02:26pm Wednesday 22 November 2017

Treating uncontrolled hypertension in the emergency room

heart sonogram

A patient receives a cardiac ultrasound.

High blood pressure, or hypertension, is one of the most common health conditions. Uncontrolled hypertension disproportionately affects minorities and can be associated with smoking, obesity and a sedentary lifestyle. In Chicago, the condition affects about 55 percent of African Americans and Latinos.

Known as “the silent killer,” hypertension may not produce any symptoms for a patient to notice. But left uncontrolled, it becomes a major risk factor for life-threatening diseases, which bring many patients to the hospital emergency room, says Dr. Heather Prendergast, professor of emergency medicine in the UIC College of Medicine and primary investigator on the grant.

“We see patients on a daily basis with kidney failure, heart disease, strokes and heart attacks,” Prendergast said. “What if we could reach patients sooner, before they develop these serious complications from hypertension? Then we could start to prevent serious disease and the need for costly treatment.”

Hospital emergency departments can address hypertension by educating patients with printed handouts and by recommending follow-up with their primary-care provider for blood-pressure treatment. But most patients “fall through the cracks,” Prendergast says.

“Because there are usually no symptoms related to high blood pressure at its earlier stages, the sense of urgency to follow up isn’t as strong as it should be for patients,” she said.

Prendergast believes that because hypertension is so prevalent also treatable, stronger interventions should be tested so that successful approaches can be incorporated into new national guidelines.

Under the new grant, she and her colleagues will enroll 120 patients from the University of Illinois Hospital’s emergency department found to have undiagnosed stage 2 hypertension and who don’t have a primary-care provider.

Patients will receive one of three interventions: One group receiving “usual care” will be given a phone number for the UI Health Mile Square Health Center and urged to call for a doctor’s appointment for their high blood pressure.

Another group will watch a three-minute video on hypertension and lifestyle changes that can help bring blood pressure down before they leave the emergency department. They will also get a heart ultrasound to look for early changes from uncontrolled hypertension, which tends to enlarge the heart, and a urine test to look for micro-albumin, an early indicator of kidney damage caused by high blood pressure. Follow-up visits will be scheduled for these patients at Mile Square Health Center.

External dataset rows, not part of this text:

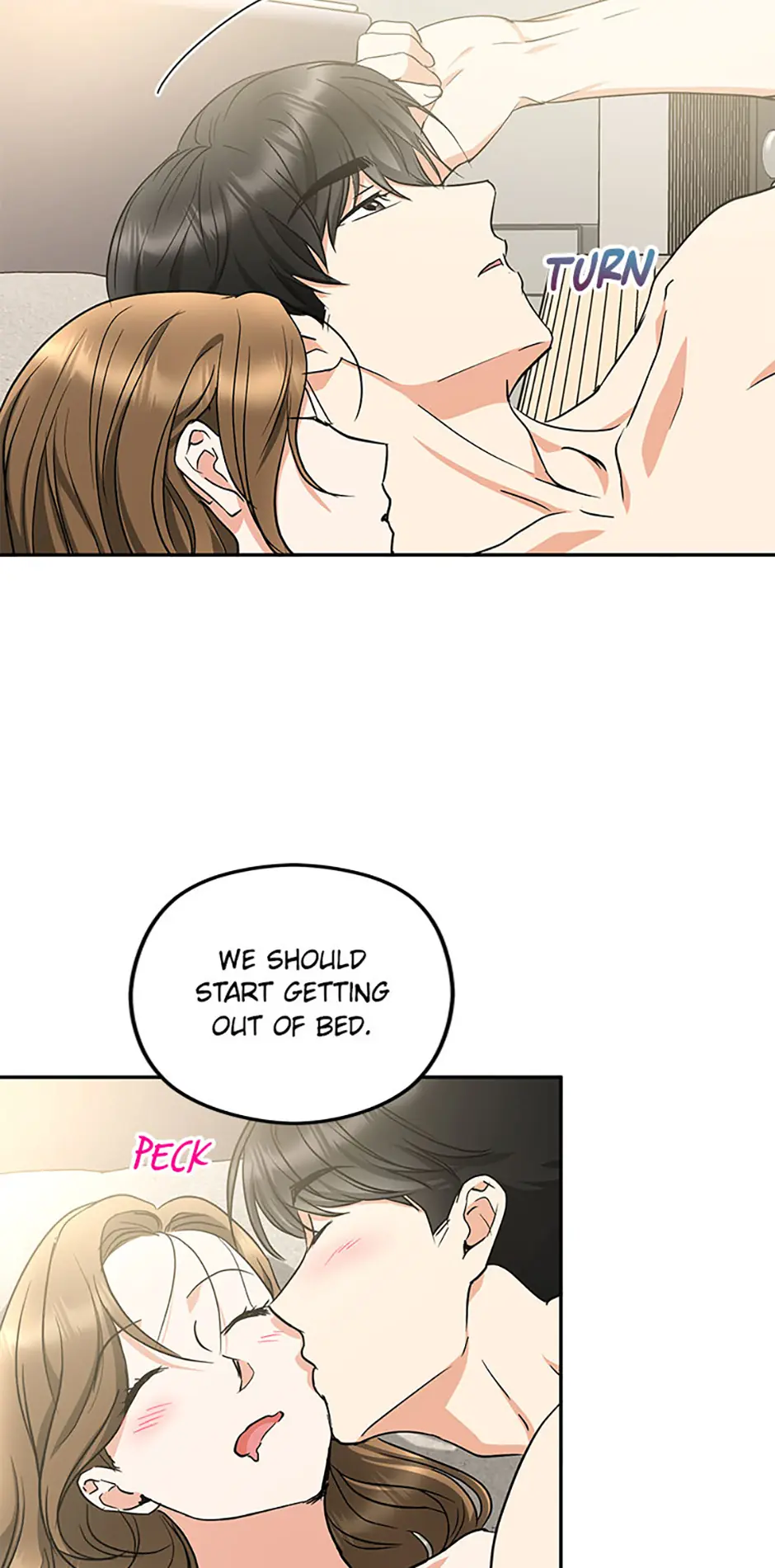 A Kiss Is Not Enough Chapter 66 Page 53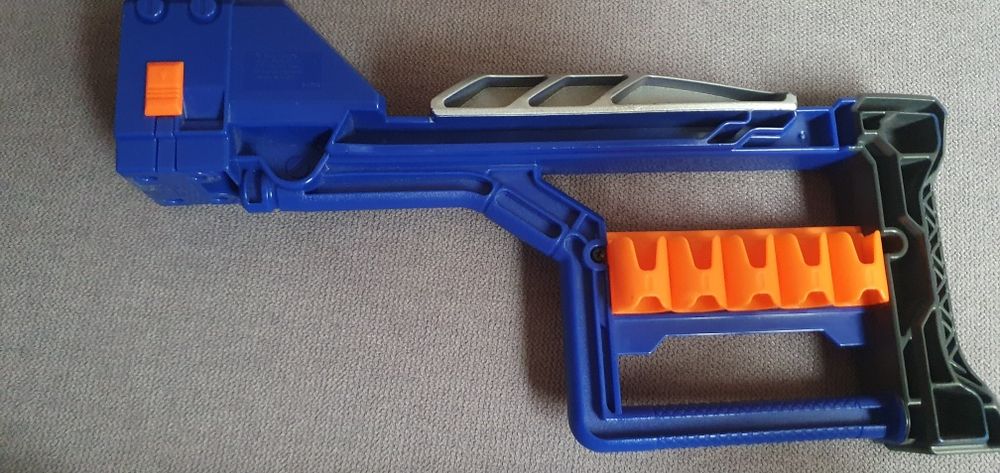 Nerf stockade+strzałki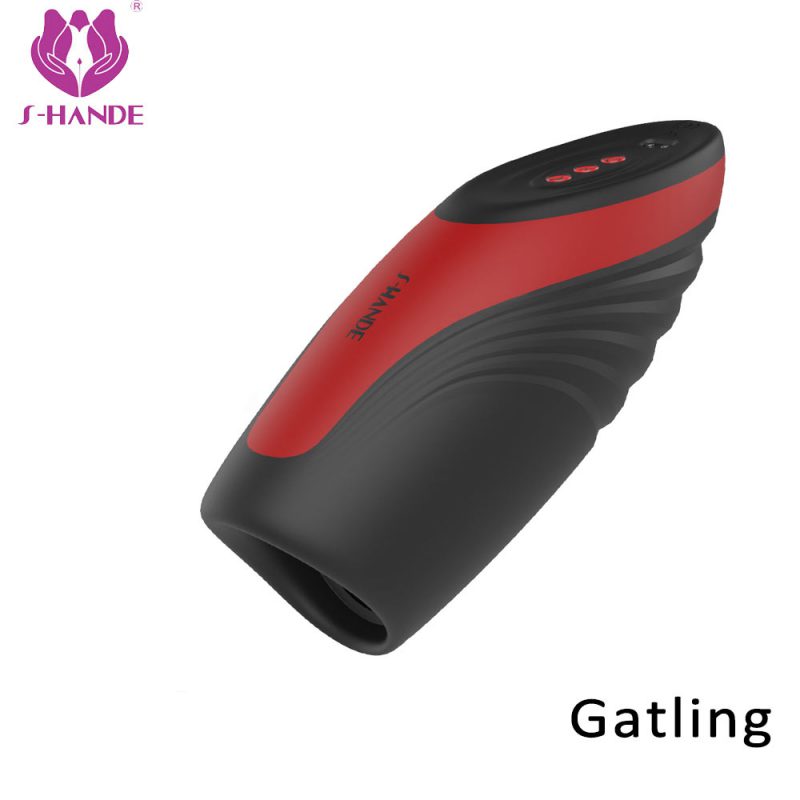 Masturbating vibrator【S209】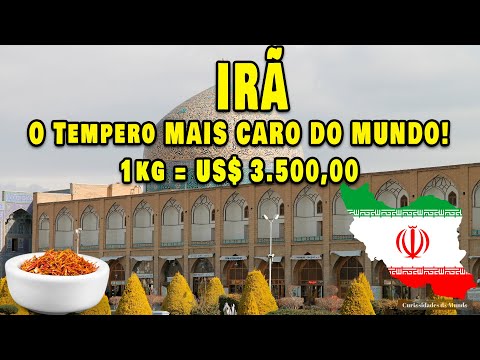 Qual é o tempero mais caro do mundo?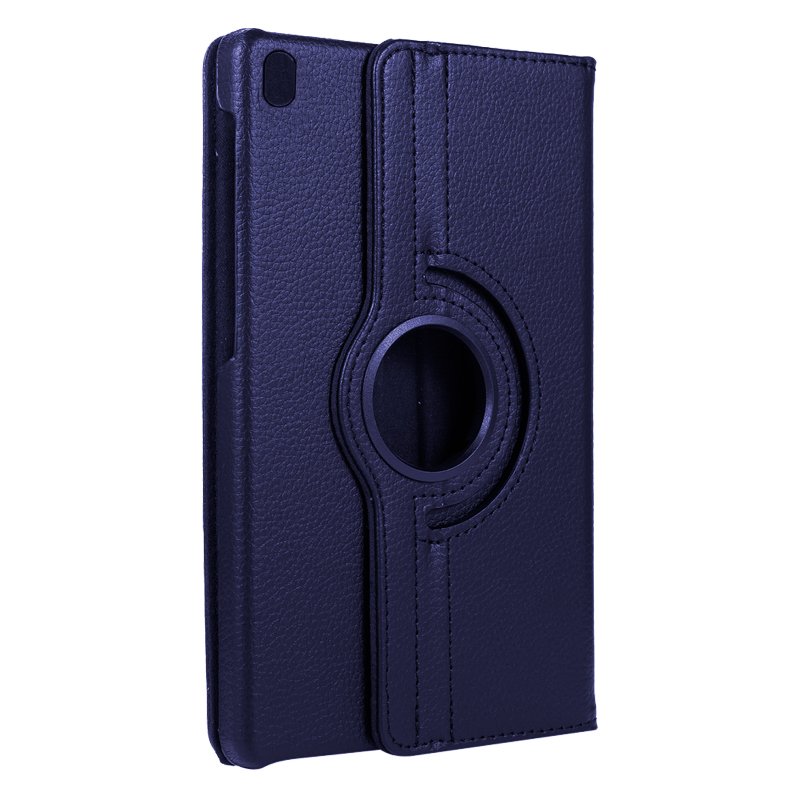 Funda COOL para iPad (2022 / 2024) 10.9 (10 Gen.) / iPad 11 2025 (A16) Polipiel Azul
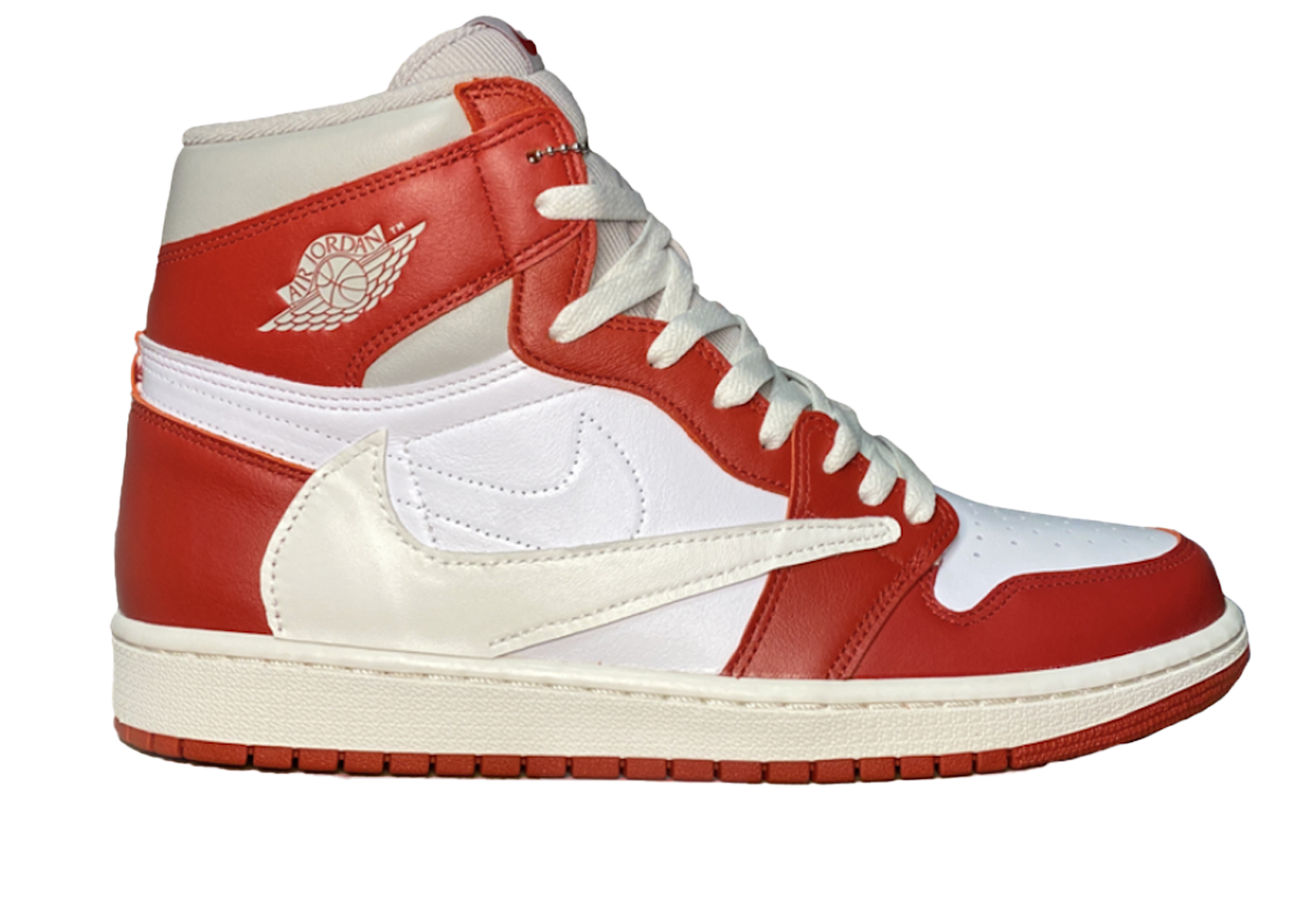 Jordan 1 Retro High OG Varsity Red (Women's) SIJI Custom
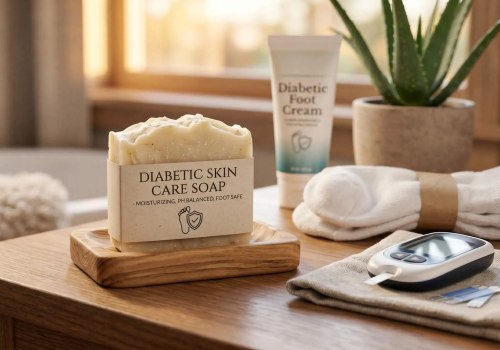 What Is The Best Soap For Diabetics To Use Every Day?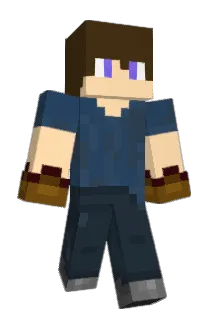 dece441 Minecraft avatar full body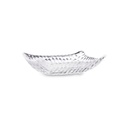 Bandeja vidrio Select Vidrio 12,5x9x 3,5 cm - Quid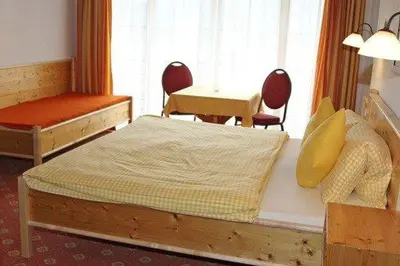 Grundriss der Unterkunft Ferienhaus Oberberg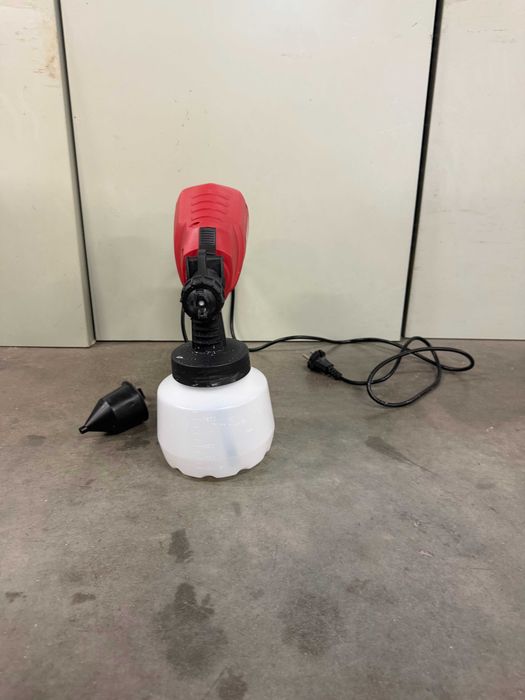Пистолет за боя 550W  0,8L компр.  / Пистолет за боя 750W ø2.6mm 800ml компр. RDP-SGC08
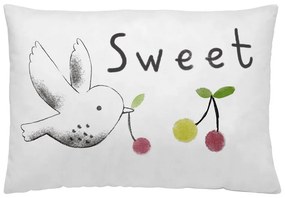 Capa de Travesseiro Naturals Sweet Cherry (50 X 30 cm)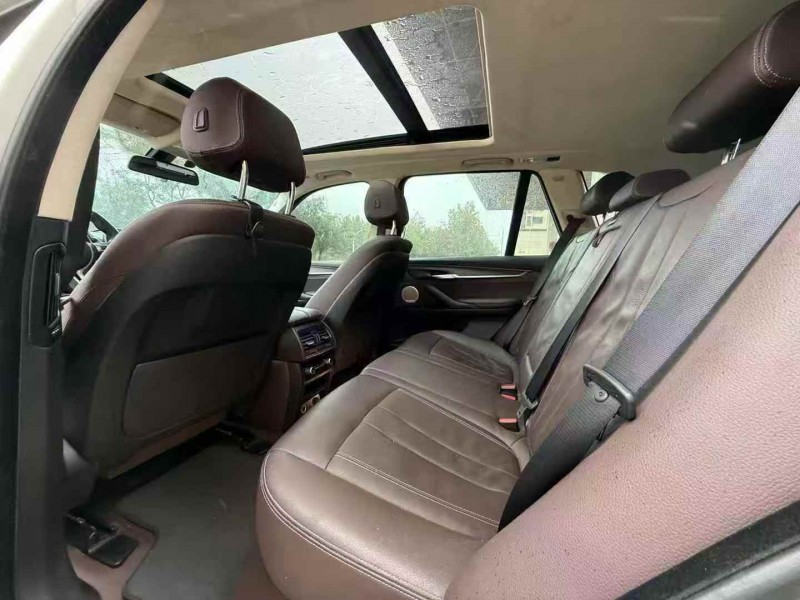 南通18年宝马X55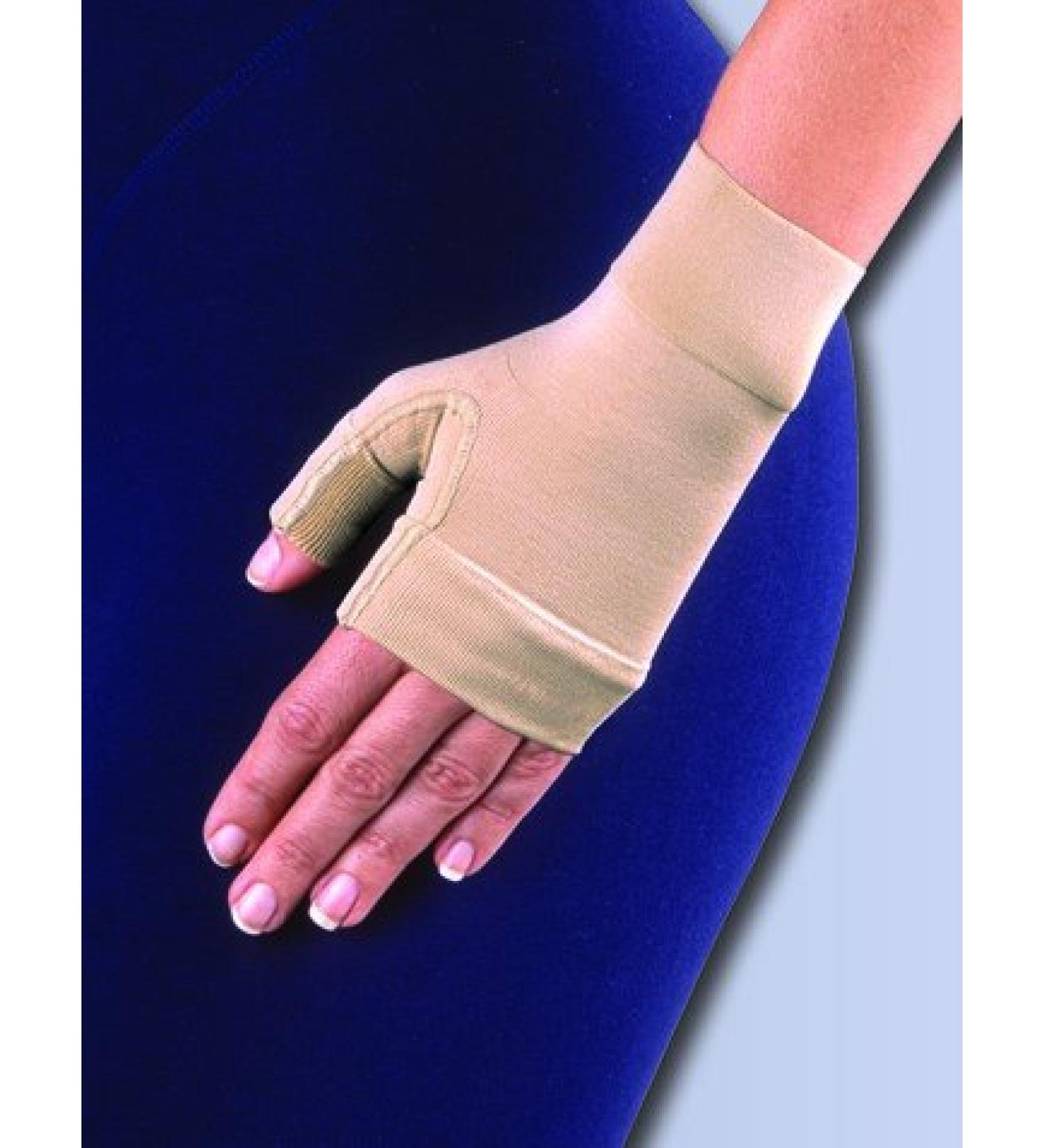 BSN Medical 101320 JOBST Bella Gauntlet, 20-30 mmHg, Medium, Beige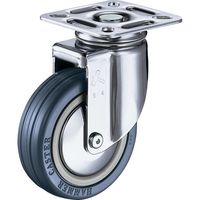 ハンマーキャスター ハンマーキャスター(平付けプレート) 920M・915M 915MーRB100 1個（直送品）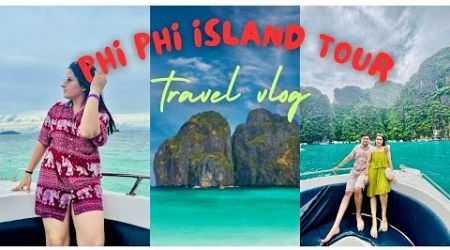 Phi Phi island | Maya Bay | Reels v/s Reality |Phuket | Cost | Food | Activities |Experience |
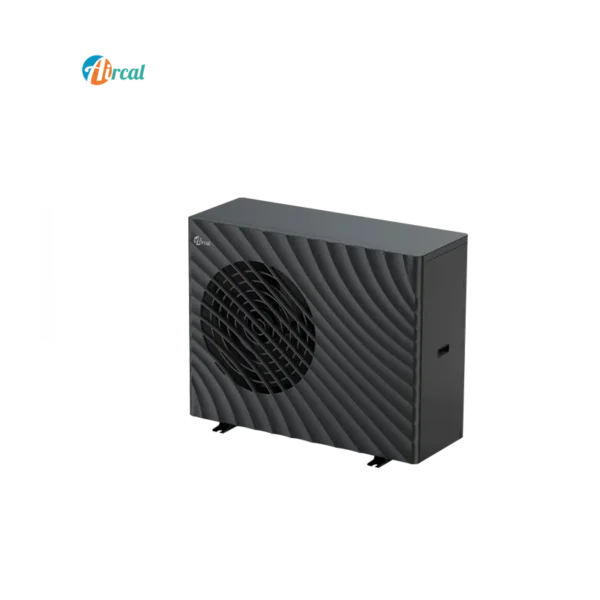 Inverter Evi Heat Pump, R290, 220V, 3-16KW - view 2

“We want to do the albumin check because doing a cardiac ultrasound on every patient with hypertension may not be feasible in some emergency departments,” said Prendergast, who is focused on controlling high blood pressure in patients across the nation through the adoption of new guidelines. Urine tests are much simpler than cardiac ultrasounds. “If we can match albumin levels to what we see in hypertensive hearts,” she said, emergency departments will more easily be able to identify patients at highest risk of developing early complications. And early changes are often reversible by quitting smoking, eating a healthier diet, exercising, or taking medications if needed.

“Telling patients that their condition is within their power to address is very powerful,” she said.

A third group of patients will watch the video, receive the cardiac ultrasound, and have a follow-up appointment made for them, but also be enrolled in a hypertension transition program. These patients will be asked to return to the emergency department within three days of their initial visit for a re-check of their blood pressure and review of their results with a clinical pharmacist.  The transition appointment will serve as a bridge between the first trip to the emergency room and the scheduled primary-care appointment.

All patients will receive a home blood-pressure monitor and be followed at six months and and a year for changes in blood pressure.

Prendergast expects patients in the third group to have the biggest improvement in blood pressure.

“Showing patients what their hypertensive heart looks like on an ultrasound was very motivating in our pilot study,” she said. “Empowering patients with the information they need to make changes and having them return to the emergency department for a follow-up visit makes getting treated much easier because they are familiar with the emergency department.

“Sometimes making an appointment or seeing a new physician can be a barrier to care.”